● **Scraped caption text data**:
-- Opening Marker --
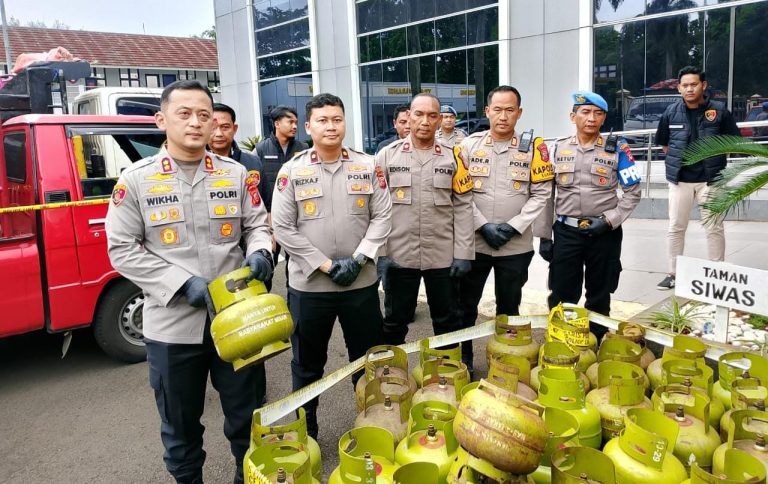 Polres Bogor Bongkar Praktik Pengoplosan Gas Elpiji di Sukaraja dan Cileungsi, Pasutri Raup Keuntungan Miliaran Rupiah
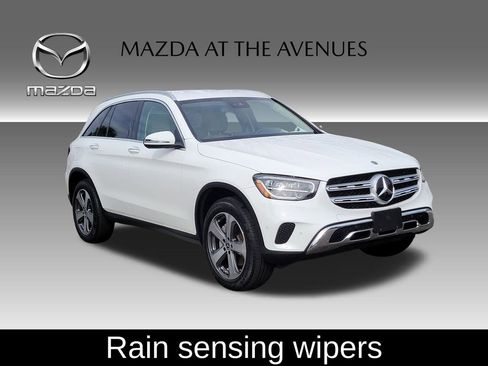 Used 2022 Mercedes-Benz GLC 300 4MATIC w/ Premium Package Lite image 3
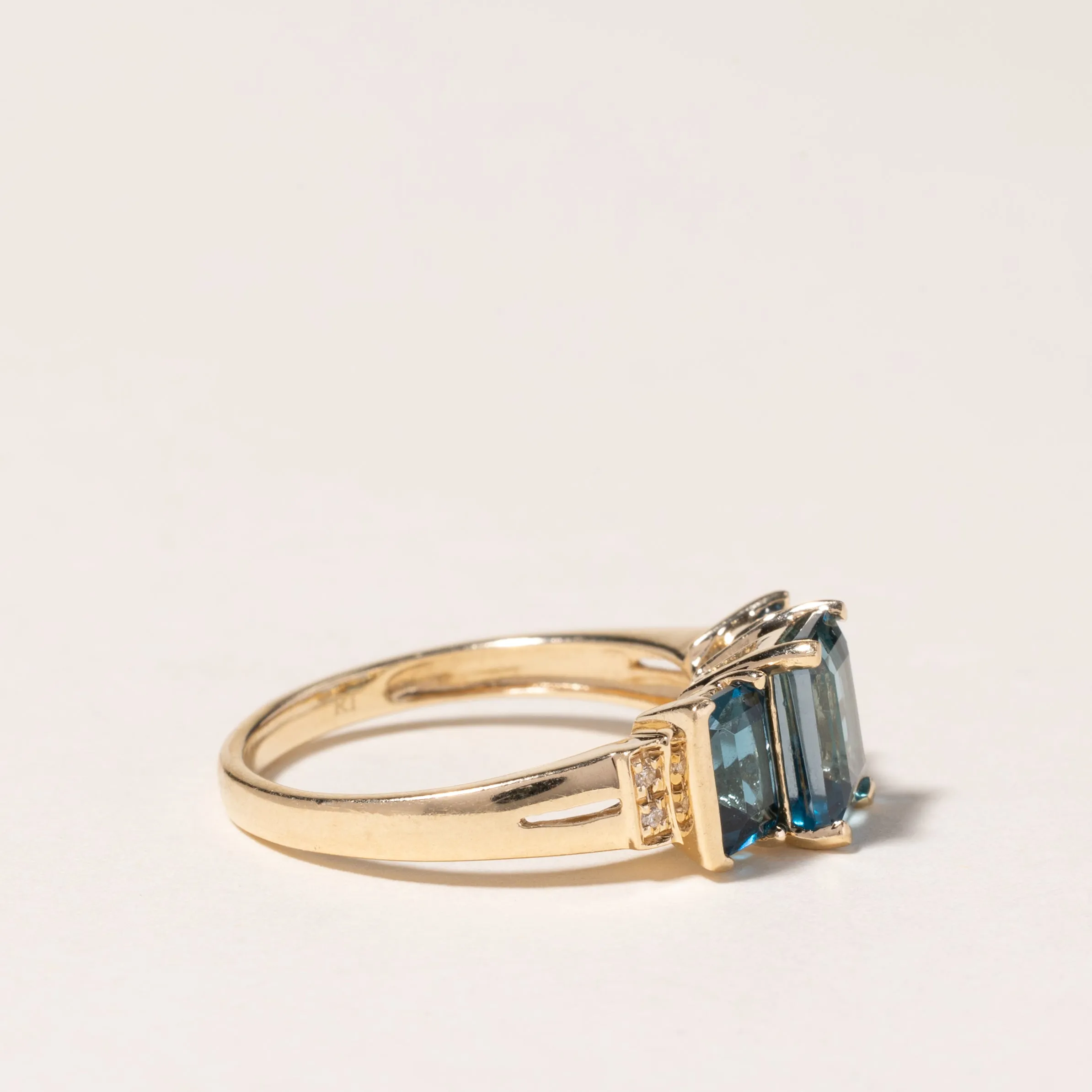 10K Yellow Gold Blue Topaz Ring | 3.28ctw | SZ 7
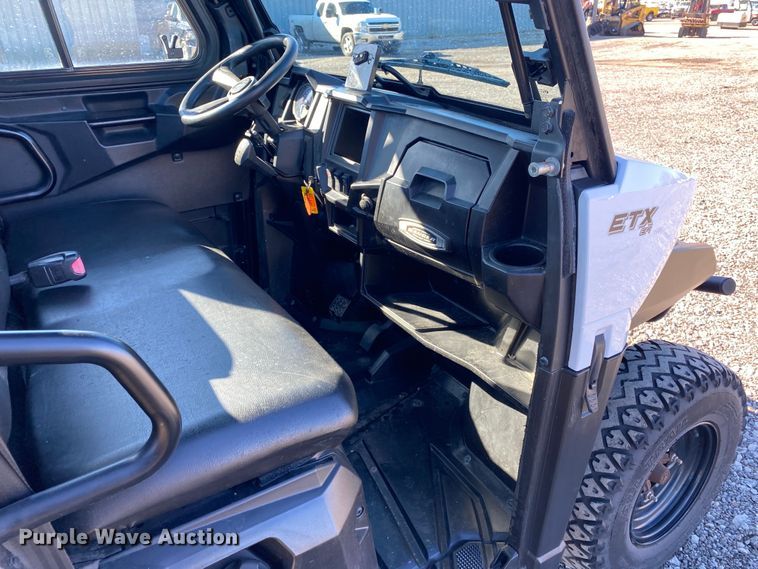 image for item JW9177 2016 Polaris Ranger ETX  utility vehicle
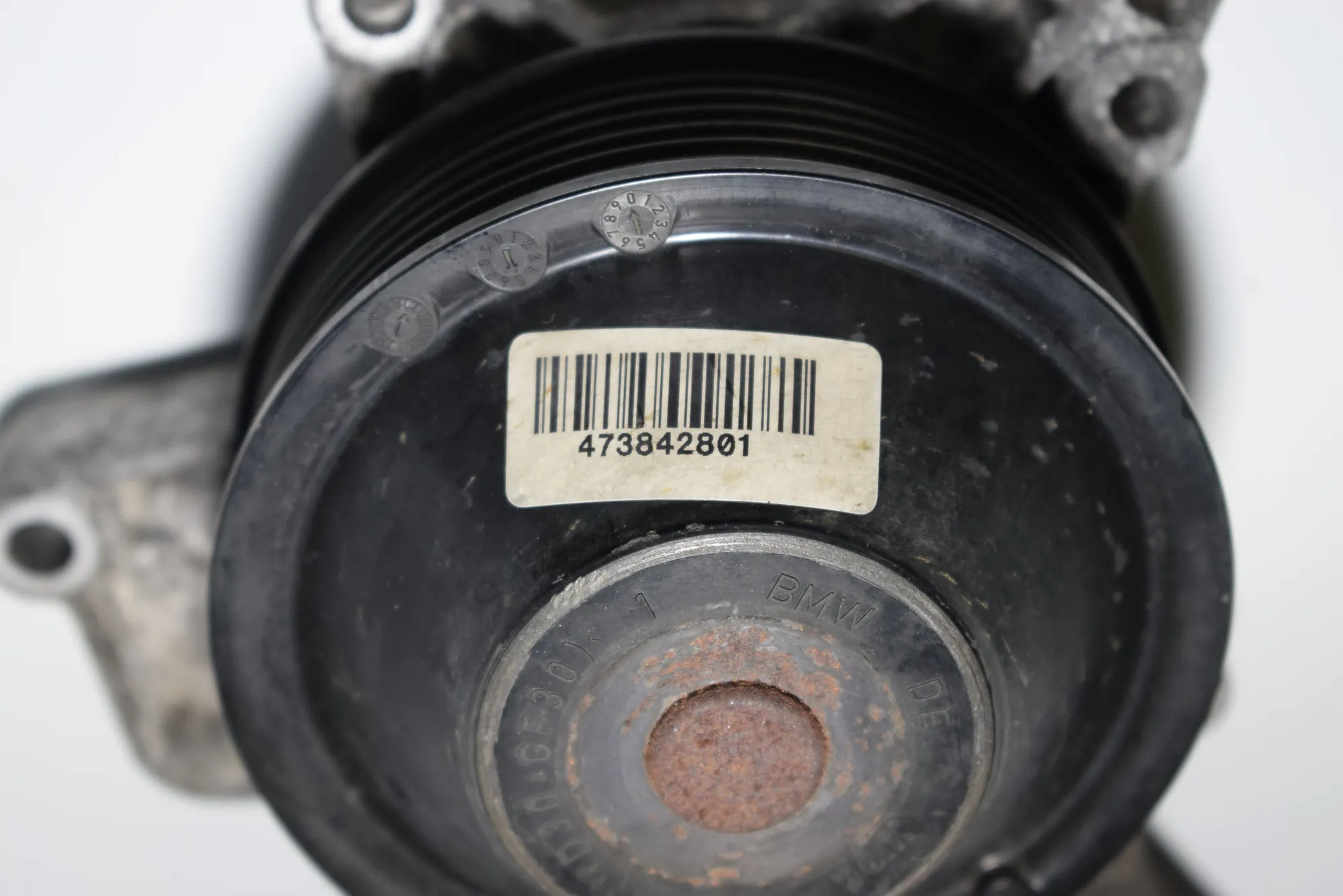 Water Pump – OEM 4738428 · BMW X5 (E70) BMW X5 (E70) xDrive 40 d 2011 – 4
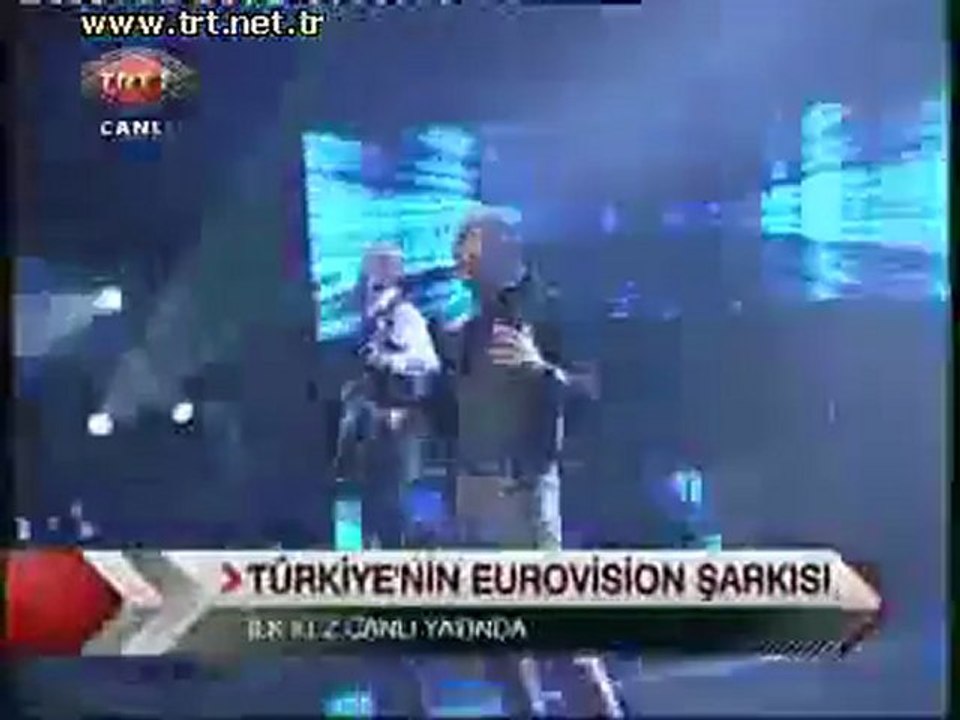 Yüksek Sadakat - Live it up (Eurovision 2011)
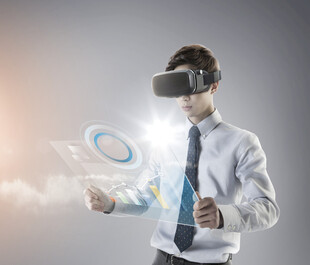 男士体验虚拟现实交互技术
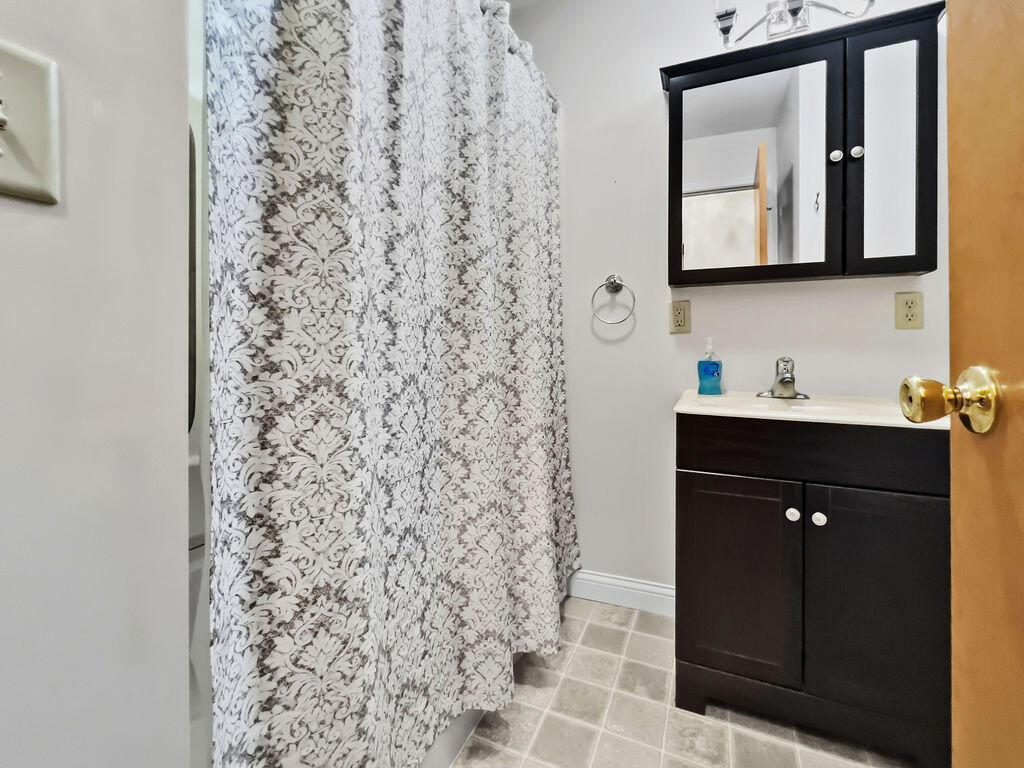 806 Candlewood Boulevard, Piqua, Ohio 45356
-- Closing Marker --
● **Exercise aim**: The records above must all be output exactly. Omit the images.

● **Expected output**:
 Polres Bogor Bongkar Praktik Pengoplosan Gas Elpiji di Sukaraja dan Cileungsi, Pasutri Raup Keuntungan Miliaran Rupiah
 Used 2022 Mercedes-Benz GLC 300 4MATIC w/ Premium Package Lite image 3
 10K Yellow Gold Blue Topaz Ring | 3.28ctw | SZ 7
 image for item JW9177 2016 Polaris Ranger ETX  utility vehicle
 Water Pump – OEM 4738428 · BMW X5 (E70) BMW X5 (E70) xDrive 40 d 2011 – 4
 Yüksek Sadakat - Live it up (Eurovision 2011)
 男士体验虚拟现实交互技术
 806 Candlewood Boulevard, Piqua, Ohio 45356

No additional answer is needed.